> What you will do:
Below are entries to reproduce exactly, apart from their pictures.

===== Source information

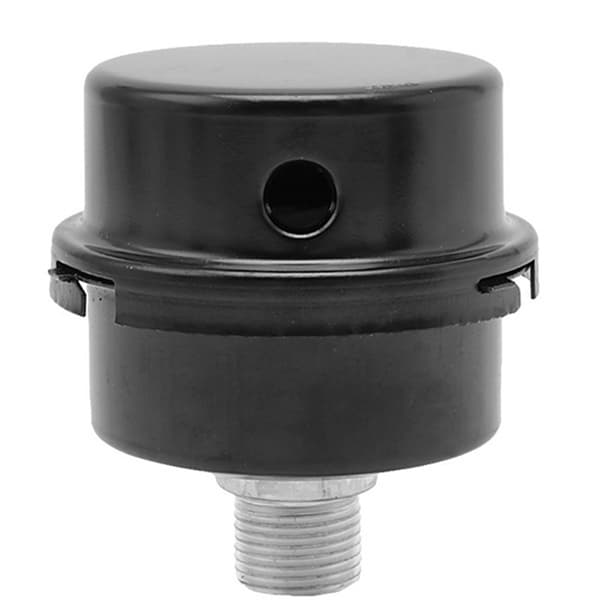 Ilmakompressorin äänenvaimennussuodatin (3/8\" 16mm kierre)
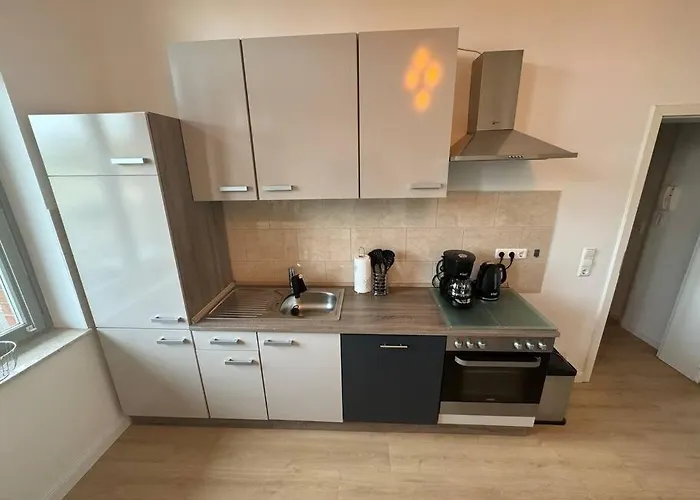 Apartman Mit Parkplatz Und Wifi Magdeburg
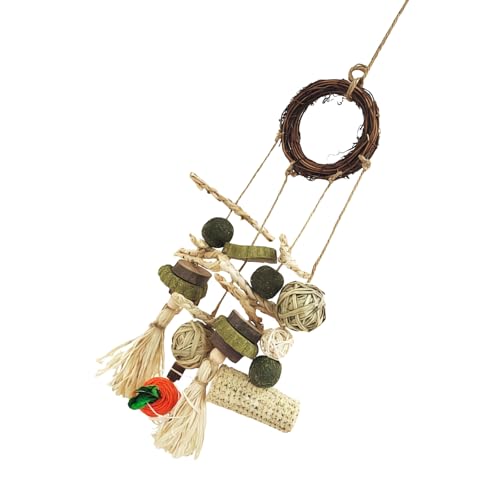 Holz Kleines Haustier Kauspielzeug Für Kaninchen Hamster Beißaktivität Und Papagei Unterhaltung Schleifkäfig Zubehör Papageien Schleifspielzeug Holz Kleines Haustier Kauspielzeug Für Kaninchen Hamster Beißaktivität Und Papagei Unterhaltung Schleifkäfig Zubehör Papageien Schleifspielzeug von KAHDGSS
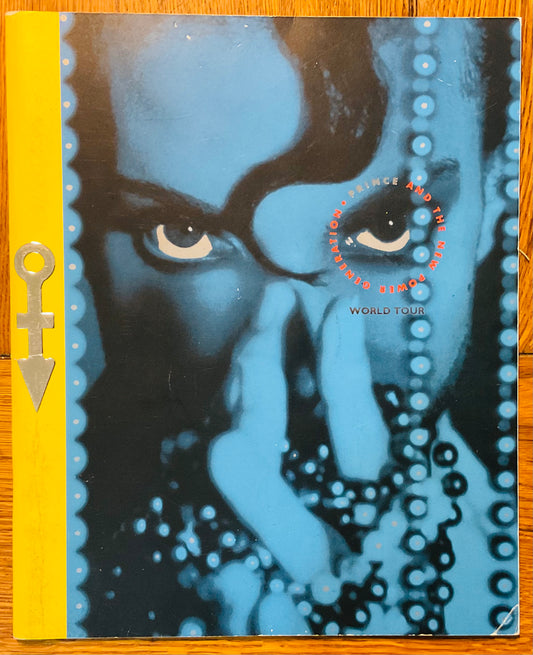 Prince & the New Power Generation Concert Programme Diamonds and Pearls World Tour 1992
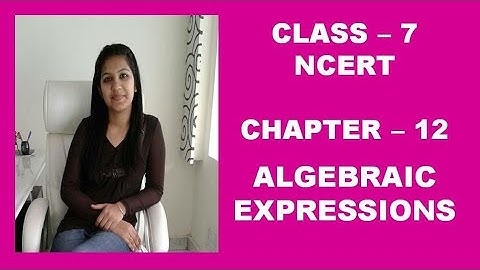 Q 2, Ex-12.2- Ch-12-algebraic expressions- class 7 NCERT maths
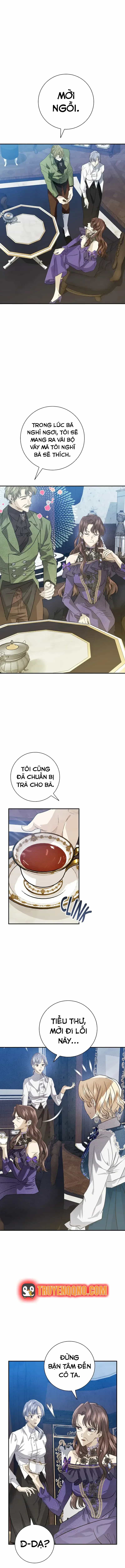 Cuộc Nổi Loạn Tao Nhã Của Nữ Công Tước Mecklen - Chương 3 - ảnh 10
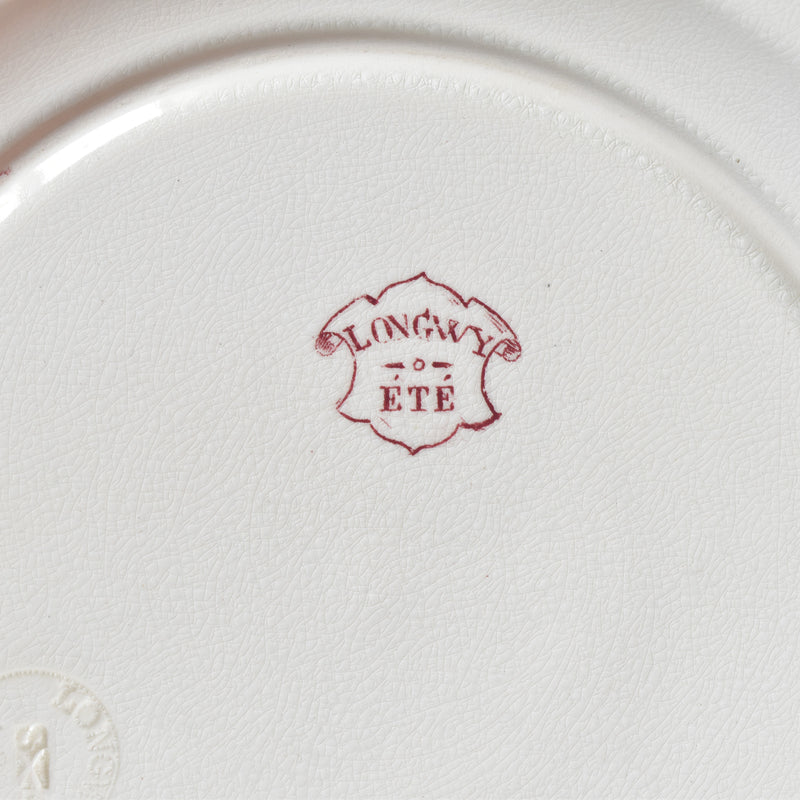Antique Plate "Ron Weasley" "Été (Summer)" A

==========

> Answer section:
 Ilmakompressorin äänenvaimennussuodatin (3/8\" 16mm kierre)
 Apartman Mit Parkplatz Und Wifi Magdeburg
 Holz Kleines Haustier Kauspielzeug Für Kaninchen Hamster Beißaktivität Und Papagei Unterhaltung Schleifkäfig Zubehör Papageien Schleifspielzeug Holz Kleines Haustier Kauspielzeug Für Kaninchen Hamster Beißaktivität Und Papagei Unterhaltung Schleifkäfig Zubehör Papageien Schleifspielzeug von KAHDGSS
 Prince & the New Power Generation Concert Programme Diamonds and Pearls World Tour 1992
 Q 2, Ex-12.2- Ch-12-algebraic expressions- class 7 NCERT maths
 Cuộc Nổi Loạn Tao Nhã Của Nữ Công Tước Mecklen - Chương 3 - ảnh 10
Antique Plate "Ron Weasley" "Été (Summer)" A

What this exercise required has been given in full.